Letters responding to: Taxation: dodging the real issues, by Tim Black
Black is right, of course, that the real issue is that the economy is stagnating and nobody in politics has any idea what to do about it. Part of the problem is that there is an expectation that politicians can somehow engineer growth, when most of the time the best they can do is to avoid placing obstacles in its way. This is where former Lib Dem minister Huhne and his innumerate successor Ed Davey come in. While Huhne knew that nine plus three made 12, Davey has failed to do any coherent arithmetic on the relative costs and benefits of competing sources of energy, so is imposing cost disadvantages on UK businesses, especially energy-intensive manufacturers, that render us uncompetitive in world markets and so stifle growth. Remove subsidies on so-called sustainable energy, let shale gas do the real work on achieving energy independence and at the same time you can generate export-led economic growth and cut government spending as a percentage of GDP.

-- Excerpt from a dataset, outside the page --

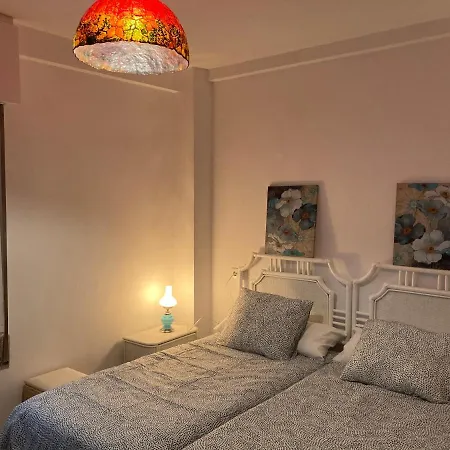 Luminoso Y Acogedor A Un Paso De La Playa Registro Turismo Vut 2467 As アパート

I would take issue with the legality of Jimmy Carr and Starbucks’ tax ‘avoidance’, though. In each case their rationale for not paying tax is based on a lie. In Carr’s case the idea that he would give his money away to a vehicle, they would lend it back to him and then forget to ask for it back; and in Starbucks’ case, paying a huge fee to a co-owned company for a fictional benefit. I call both scenarios fraudulent and a more competent HMRC could and should have dealt with them appropriately.